Deux jours de repos intégral ont finalement raison du choc ressenti. Le sourire de la vieille Zahra, le goût de l’eau si douce, la visite régulière du chat roux ayant ses habitudes dans la maison, les variations de la lumière du jour se projetant sur le mur, les ondoiements de la portière de la chambre légèrement soulevée par l’air chaud de la cour, un bol fumant de pois chiches cuisinés aux oignons et à la graisse de mouton, un excellent pain, deux visites du vieux mollah qui se montra bienveillant et peu curieux… Sur ces petites choses, un présent tangible se construit, une nouvelle base s’établit. C’est comme une nouvelle naissance. C’est étrange de naître lorsque l’on est déjà adulte, lorsque l’on a déjà une vie ailleurs. Mais là, pour le moment, cet ailleurs est hors de portée. Il faut recommencer, ne pas trop y penser, s’ancrer dans ce qui est, là, ici, maintenant. Ici et maintenant, la vieille Zahra et le vieux mollah sont les seuls êtres à connaître Lalla Gaïa. Après tout, c’est comme cela à chaque fois que l’on arrive dans un nouveau pays, dans une nouvelle ville. Quelle différence y-t-il entre un déplacement dans l’espace et une chute dans le temps ? Il y a tout d’abord cette constante, ce fil ténu, ce « soi » bien connu qui nous accompagne toujours, qui nous colle à l’âme, ayant presque l’air de nous narguer, tant on ne peut s’en défaire. Ensuite, ce n’est qu’une série de nouveautés, auxquelles on s’adapte au fur et à mesure. Pouvoir rentrer chez soi ? On ne peut jamais en être sûr. Et ce n’est pas une raison pour éviter de se mettre en route… Et puis, « chez soi », est-ce la maison d’où l’on est parti ou bien un lieu auquel on parvient ? A moins que ce ne soit lui qui nous trouve… A moins que cela ne soit partout, ou encore nulle part… En somme, Lalla Gaïa peut une nouvelle fois goûter à cette liberté grisante qu’offre habituellement le voyage : un nouveau départ, des perspectives inconnues, un espoir contenu, une saine résignation face à ce qui arrive, avec comme véhicule la confiance accordée au présent, perpétuellement illuminé de l’intérieur par la lumière de l’être, le flambeau de l’existence.

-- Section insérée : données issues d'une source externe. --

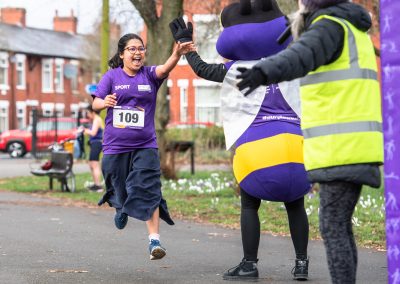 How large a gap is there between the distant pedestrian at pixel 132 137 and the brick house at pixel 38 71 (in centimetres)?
5710

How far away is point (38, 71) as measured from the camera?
73.6 meters

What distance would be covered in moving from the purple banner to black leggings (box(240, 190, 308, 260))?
2345mm

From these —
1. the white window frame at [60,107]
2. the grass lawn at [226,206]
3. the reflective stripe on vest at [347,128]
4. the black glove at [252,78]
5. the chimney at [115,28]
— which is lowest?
the grass lawn at [226,206]

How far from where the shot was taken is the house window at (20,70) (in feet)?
231

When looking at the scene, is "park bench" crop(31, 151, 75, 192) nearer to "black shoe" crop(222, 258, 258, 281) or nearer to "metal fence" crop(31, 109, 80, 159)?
"black shoe" crop(222, 258, 258, 281)

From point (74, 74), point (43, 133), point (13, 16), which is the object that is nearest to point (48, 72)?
point (74, 74)

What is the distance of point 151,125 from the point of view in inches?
330

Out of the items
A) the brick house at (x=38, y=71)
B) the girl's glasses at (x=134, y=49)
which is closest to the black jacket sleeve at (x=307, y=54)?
the girl's glasses at (x=134, y=49)

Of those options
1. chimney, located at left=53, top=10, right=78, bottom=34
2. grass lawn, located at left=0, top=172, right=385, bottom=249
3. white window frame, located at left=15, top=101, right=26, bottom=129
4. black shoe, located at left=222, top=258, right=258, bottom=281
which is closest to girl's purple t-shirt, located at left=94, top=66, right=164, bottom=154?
black shoe, located at left=222, top=258, right=258, bottom=281

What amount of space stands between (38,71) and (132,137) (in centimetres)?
6634

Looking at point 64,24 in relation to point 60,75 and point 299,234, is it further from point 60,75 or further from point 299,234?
point 299,234

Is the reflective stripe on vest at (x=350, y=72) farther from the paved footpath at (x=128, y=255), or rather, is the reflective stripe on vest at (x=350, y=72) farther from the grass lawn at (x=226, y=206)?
the grass lawn at (x=226, y=206)

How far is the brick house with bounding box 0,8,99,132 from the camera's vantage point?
226 ft

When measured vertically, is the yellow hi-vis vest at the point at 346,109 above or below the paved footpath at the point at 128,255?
above
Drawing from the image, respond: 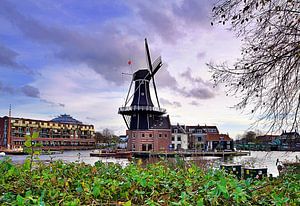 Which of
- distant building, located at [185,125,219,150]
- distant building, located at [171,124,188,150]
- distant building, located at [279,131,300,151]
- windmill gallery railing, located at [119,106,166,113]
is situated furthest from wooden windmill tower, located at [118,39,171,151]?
distant building, located at [279,131,300,151]

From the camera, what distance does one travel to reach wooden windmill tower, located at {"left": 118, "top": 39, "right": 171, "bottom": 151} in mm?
46344

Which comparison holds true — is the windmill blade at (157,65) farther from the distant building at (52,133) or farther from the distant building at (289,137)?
the distant building at (289,137)

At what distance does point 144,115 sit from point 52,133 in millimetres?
33235

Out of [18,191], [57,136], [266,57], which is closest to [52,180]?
[18,191]

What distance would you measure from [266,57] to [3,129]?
66.0m

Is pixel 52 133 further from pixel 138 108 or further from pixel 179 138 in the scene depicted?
pixel 138 108

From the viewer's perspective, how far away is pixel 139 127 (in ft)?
155

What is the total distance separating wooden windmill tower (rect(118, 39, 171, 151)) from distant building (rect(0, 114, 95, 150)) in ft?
42.1

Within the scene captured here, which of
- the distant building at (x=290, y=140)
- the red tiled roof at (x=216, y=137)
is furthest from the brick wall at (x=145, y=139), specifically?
the distant building at (x=290, y=140)

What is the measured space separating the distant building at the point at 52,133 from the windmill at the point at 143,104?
43.4 feet

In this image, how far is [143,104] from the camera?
46.0 m

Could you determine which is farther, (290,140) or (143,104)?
(143,104)

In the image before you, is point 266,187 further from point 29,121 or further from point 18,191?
point 29,121

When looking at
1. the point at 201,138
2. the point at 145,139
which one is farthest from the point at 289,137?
the point at 201,138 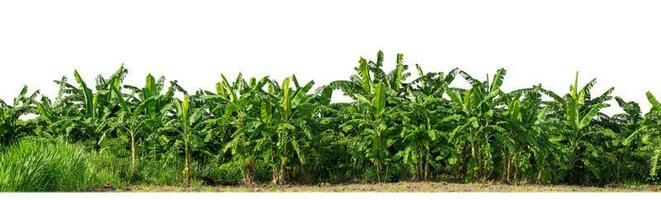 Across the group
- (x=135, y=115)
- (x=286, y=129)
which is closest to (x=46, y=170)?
(x=135, y=115)

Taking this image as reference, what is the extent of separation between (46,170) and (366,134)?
492cm

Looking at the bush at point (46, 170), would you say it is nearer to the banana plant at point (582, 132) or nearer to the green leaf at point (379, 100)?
the green leaf at point (379, 100)

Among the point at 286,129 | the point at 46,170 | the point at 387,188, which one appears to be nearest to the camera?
the point at 46,170

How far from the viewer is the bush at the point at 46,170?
437 inches

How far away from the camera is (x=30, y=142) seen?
1423cm

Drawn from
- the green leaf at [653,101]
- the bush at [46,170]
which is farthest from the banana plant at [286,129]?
the green leaf at [653,101]

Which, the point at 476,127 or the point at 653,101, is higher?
the point at 653,101

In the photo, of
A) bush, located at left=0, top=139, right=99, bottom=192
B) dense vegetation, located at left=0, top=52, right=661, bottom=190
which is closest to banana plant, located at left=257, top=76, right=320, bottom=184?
dense vegetation, located at left=0, top=52, right=661, bottom=190

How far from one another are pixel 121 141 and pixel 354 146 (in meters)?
4.08

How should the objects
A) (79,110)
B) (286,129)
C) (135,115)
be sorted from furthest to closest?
(79,110)
(135,115)
(286,129)

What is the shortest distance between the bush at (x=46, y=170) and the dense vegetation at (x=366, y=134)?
265 millimetres

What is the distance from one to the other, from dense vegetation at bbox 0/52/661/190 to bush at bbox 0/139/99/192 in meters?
0.27

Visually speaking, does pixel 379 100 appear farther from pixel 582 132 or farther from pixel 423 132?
pixel 582 132

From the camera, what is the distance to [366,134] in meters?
13.4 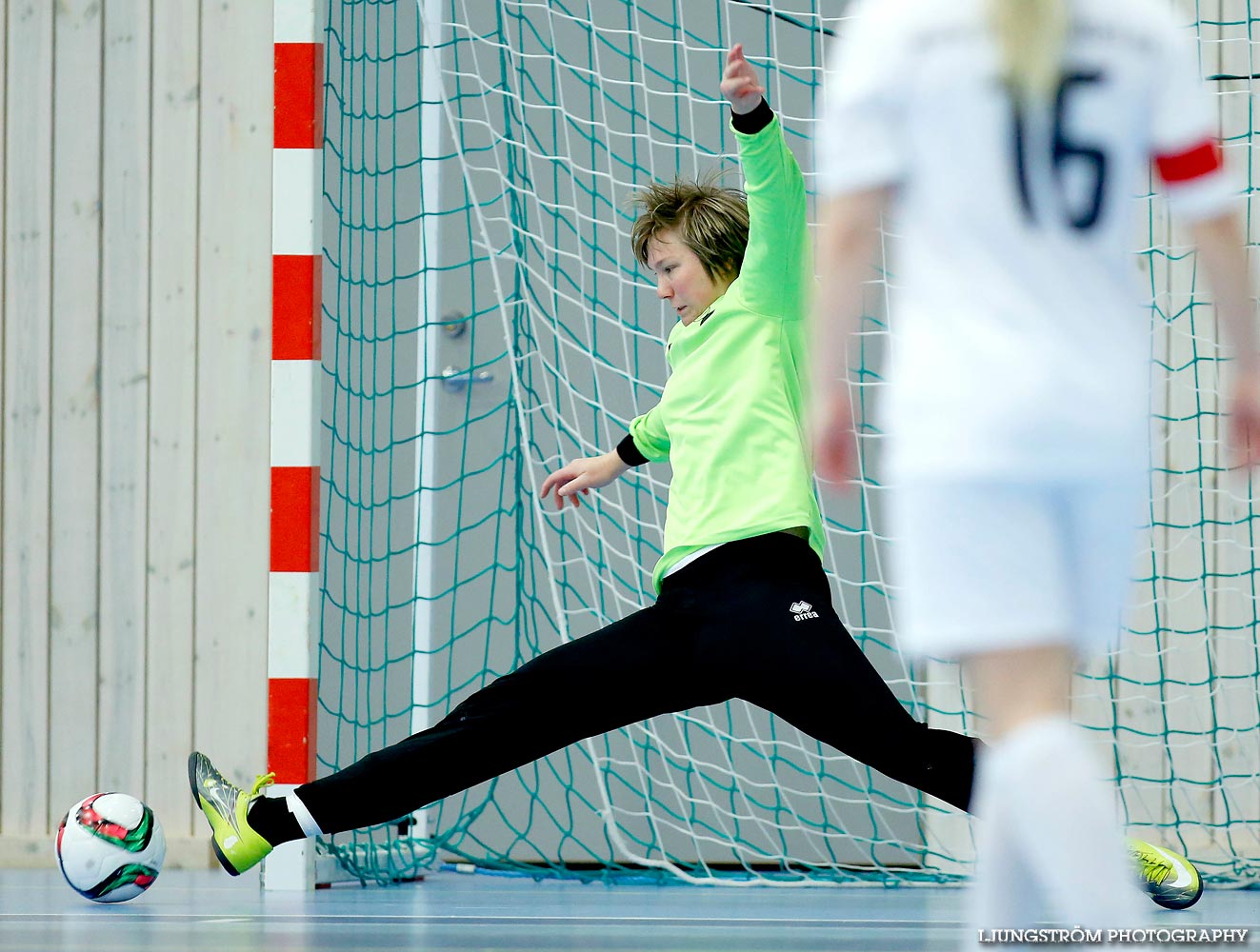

La première sortie est pour retourner au sanctuaire, tout proche. Les abords en sont très animés. On y vend toutes sortes de menus articles religieux, on peut y boire et manger. Des écrivains publics officient à demeure sous les porches. Beaucoup de mendiants passent là le plus clair de leur temps. La grande cour est parsemée de tombes : des religieux importants, ou des gens ayant les moyens de s’offrir une sépulture à quelques mètres de l’enceinte sacrée, la croyance disant que ceux qui reposent auprès d’un Imâm iront au Paradis avec lui… On arrive là selon la taille de son mérite, ou selon celle de sa bourse… Cette cour est traversée dans les deux sens par une multitude de gens entrant et sortant du mausolée. Face à l’entrée principale menant au cœur même du sanctuaire où se trouvent les sépultures des deux Imâms, on sollicite des maîtres du lieu l’autorisation d’entrer en récitant une invocation. C’est le cœur du pèlerin qui doit lui dire si la permission est obtenue. Lalla Gaïa suit le mouvement collectif, il est parfois bon de s’en remettre à une foule ordonnée et de se sentir telle une simple particule... Aussi, elle a besoin de revenir à l’endroit de sa « chute », et elle veut se confier à ceux qui entendent toutes les requêtes. Parvenue à la clôture des tombes, magnifiquement ouvragée, elle s’adresse directement à l’Imâm Moussa al-Kâdhim et à son petit-fils, l’Imâm Jawâd. Émue, elle les remercie pour l’avoir invitée à se rendre auprès de leur seuil, elle leur renouvelle sa confiance en ce qui est, ne leur parle pas du choc qu’elle a affronté, ne se plaint pas, se contentant de solliciter leur assistance dans le bien, pour le bien, vers le bien.

Son entretien terminé, elle retourne au dehors, enfin légère, avec l’intention cette fois d’entrer franchement et sereinement dans ce « nouveau présent », sans arrières pensées. A toute époque, manger, avoir un toit, se déplacer nécessite quelque argent… Lalla Gaïa se rend au grand souk de la ville et se met en quête du quartier des orfèvres, ayant l’intention de vendre le joli bracelet qui orne son poignet. Si elle avait su qu’elle lui devrait un jour sa survie ! Elle s’enfonce dans les venelles, se mêle à la foule. Si ce n’est l’habit, les gens ne sont pas vraiment différents, pas plus qu’il ne lui semble qu’elle fasse l’objet d’une quelconque attention. Elle se surprend à se sentir de mieux en mieux au fur et à mesure qu’elle enfile les ruelles, les allées. On lui indique un quartier précis du souk, cerné par un mur et muni d’une unique porte, bien gardée. C’est là que se vend et s’achète une grande partie de l’or circulant dans la ville. Il faut trouver un négociant ayant l’air honnête, qui ne soit ni trop riche - car l’on ne devient pas riche sans tirer sur le profit -, ni trop pauvre - car il ne faut pas le ruiner davantage - ! Lalla Gaïa prend son temps. Elle attend une indication, un signe, n’étant pas experte en la matière… Elle sait qu’il ne faut pas non plus se fier aux apparences. La voyant passer et repasser, un homme entre deux âges l’interpelle :

« Que cherches-tu ? Tu n’es pas d’ici ? »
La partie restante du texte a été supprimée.